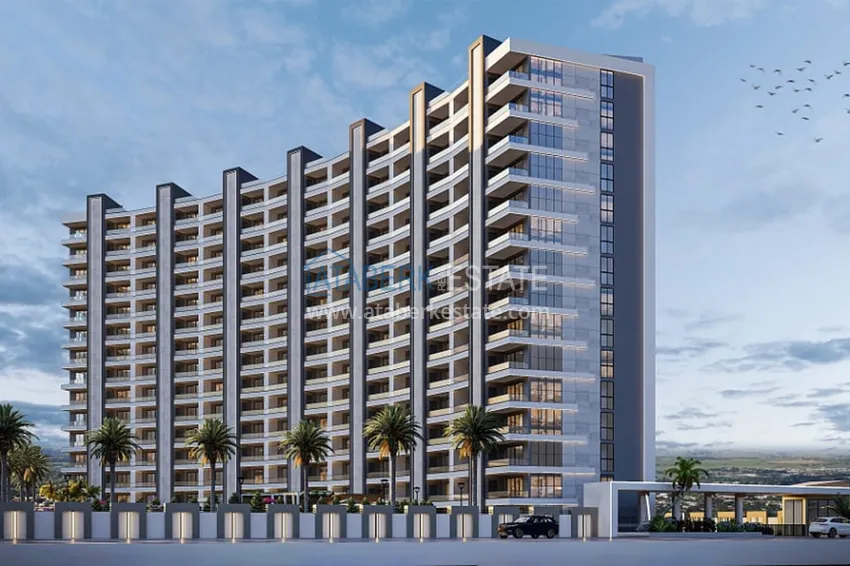 Квартиры с открытым видом на море на стадии строительства в районе Аяш-Мерсин 5 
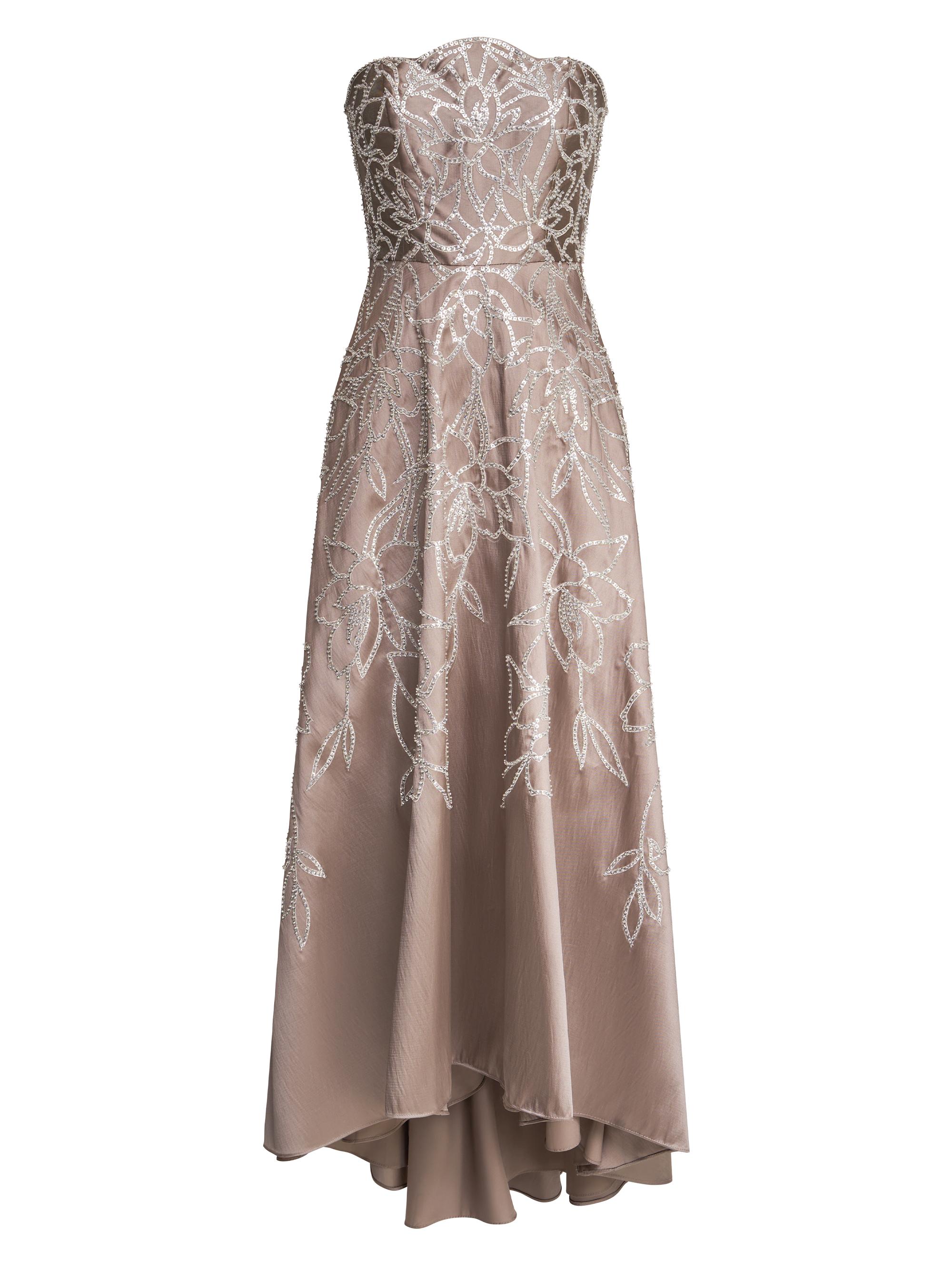 Pamela Embellished Mikado Strapless Gown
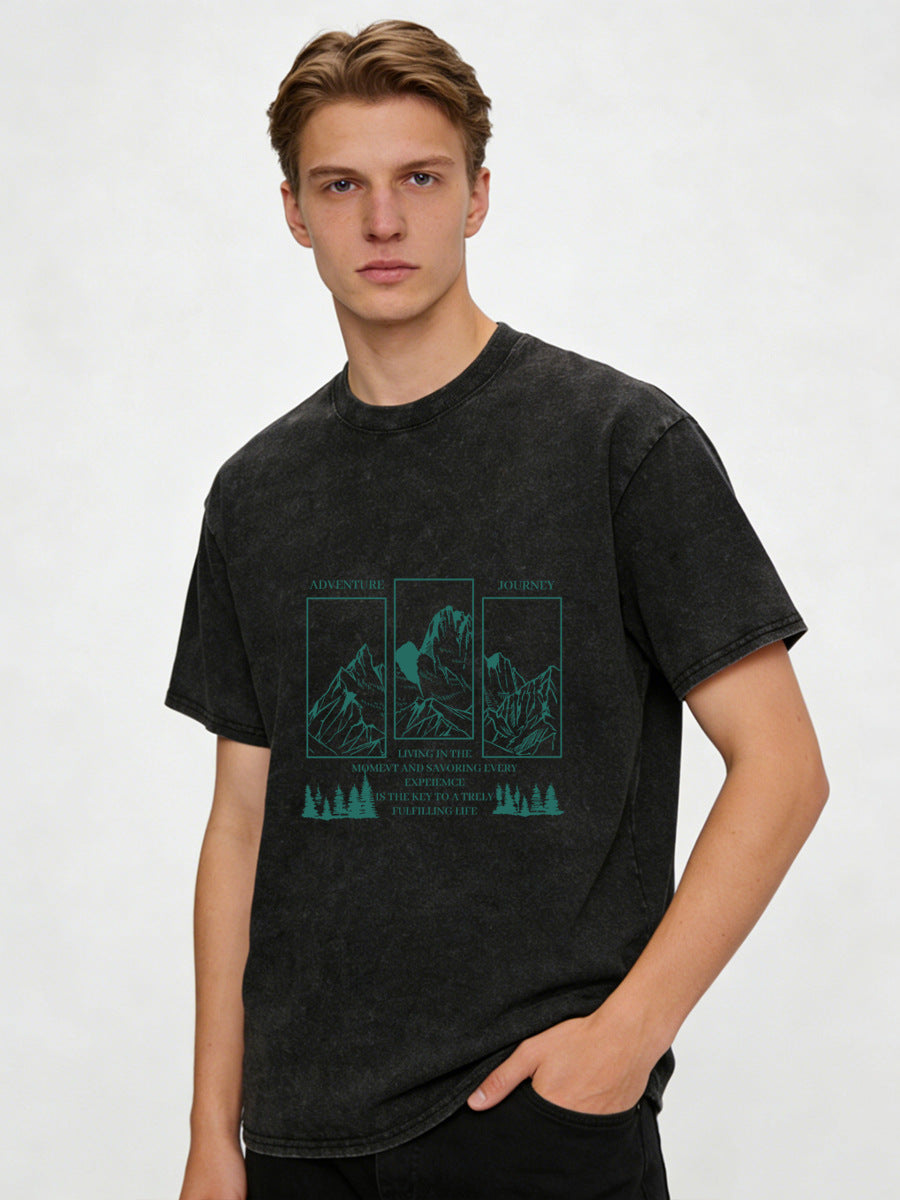 Vintage Washed Mountain Graphic Tee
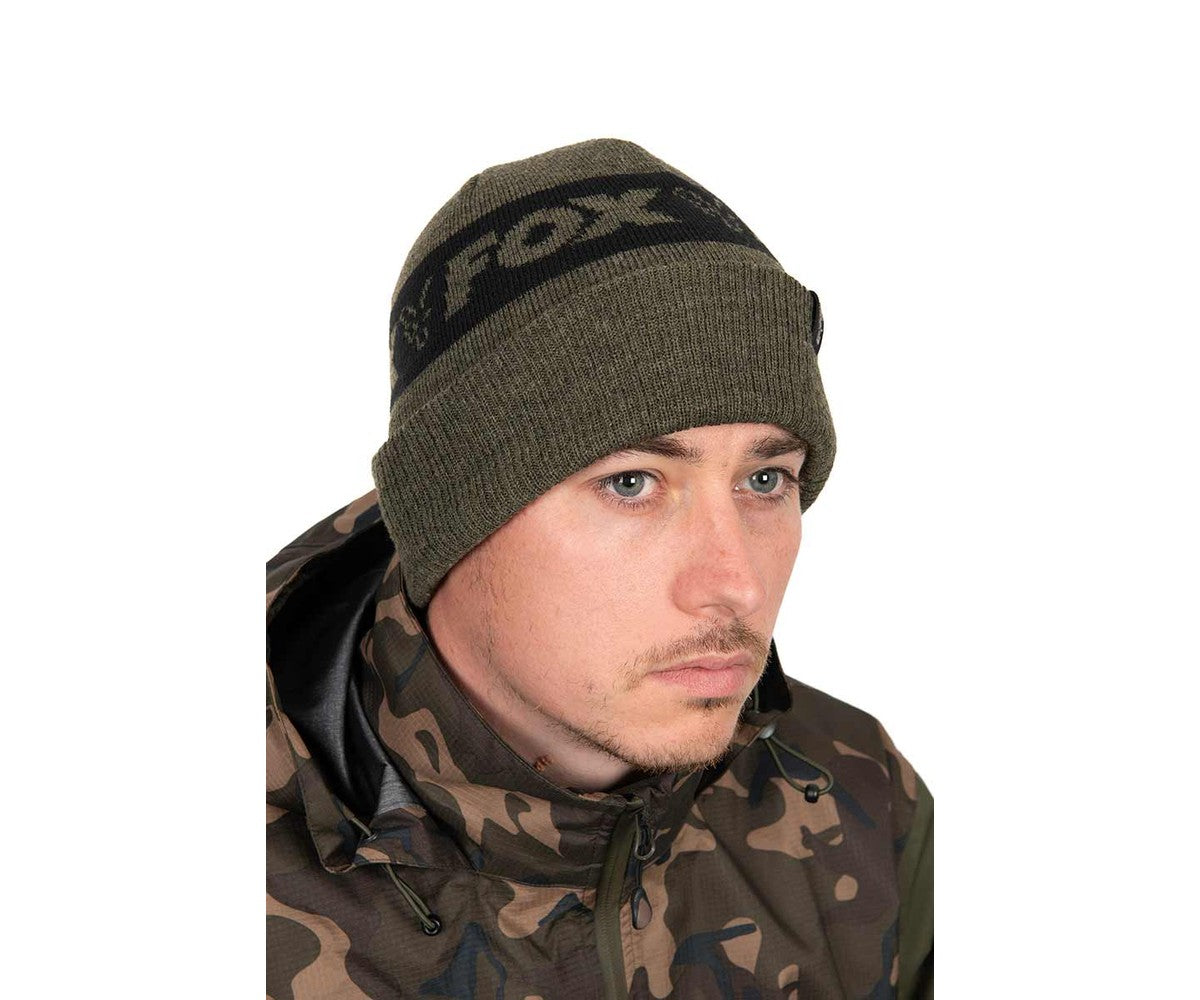 Шапка Fox Collection Beanie Hat - Green & Black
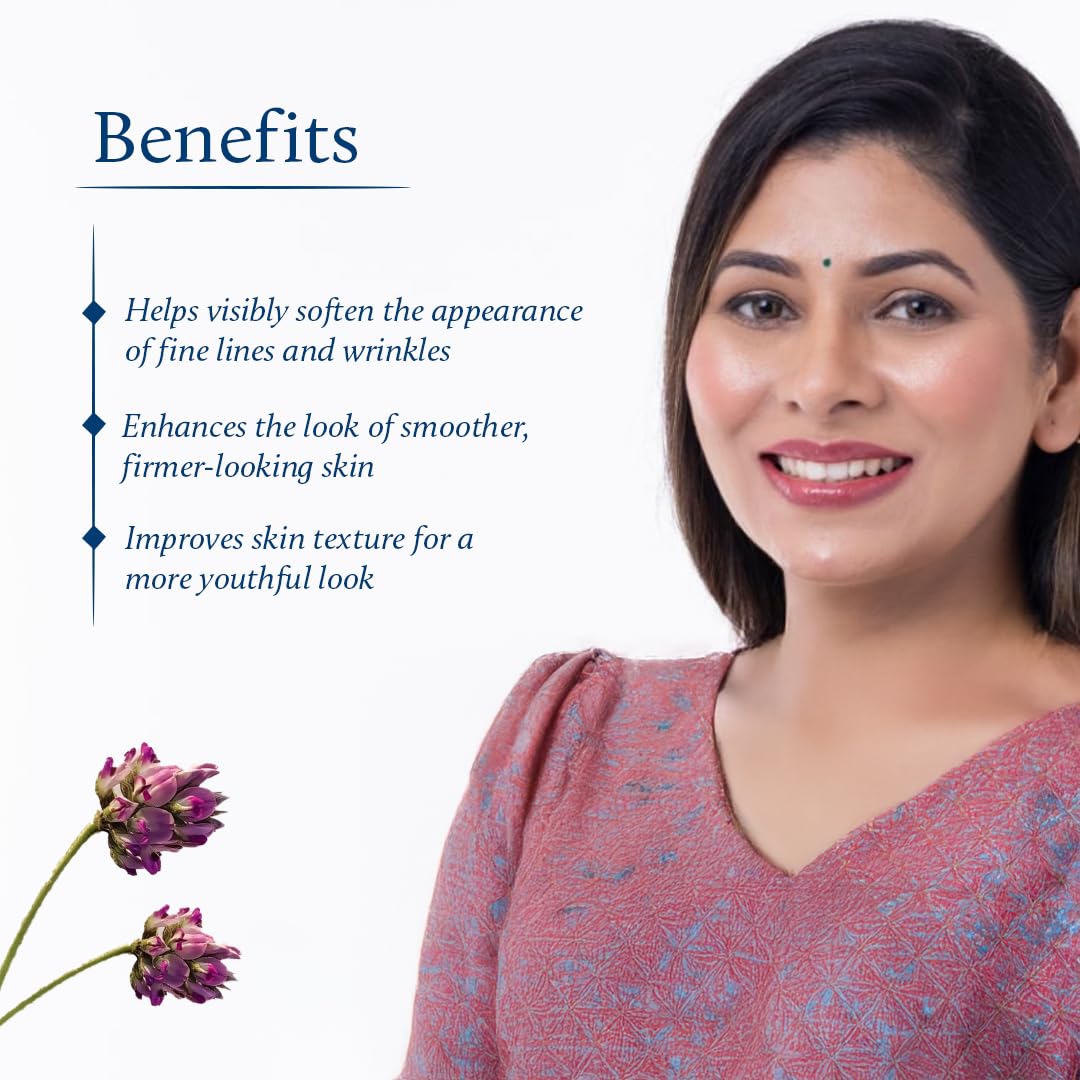 Blue Nectar Bakuchiol Serum for Face with Babchi Oil Extract | Ayurveda Retinol Free Serum for Aging Skin | Oil Free Face Moisturizer for Women & Men (10 Herbs, 1 Fl Oz)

> _TASK TO CARRY OUT_:
The entries above need to be printed again exactly; please exclude all pictures.

> _EXERCISE RESULT_:
 Квартиры с открытым видом на море на стадии строительства в районе Аяш-Мерсин 5 
 Pamela Embellished Mikado Strapless Gown
 Vintage Washed Mountain Graphic Tee
 Шапка Fox Collection Beanie Hat - Green & Black
 Blue Nectar Bakuchiol Serum for Face with Babchi Oil Extract | Ayurveda Retinol Free Serum for Aging Skin | Oil Free Face Moisturizer for Women & Men (10 Herbs, 1 Fl Oz)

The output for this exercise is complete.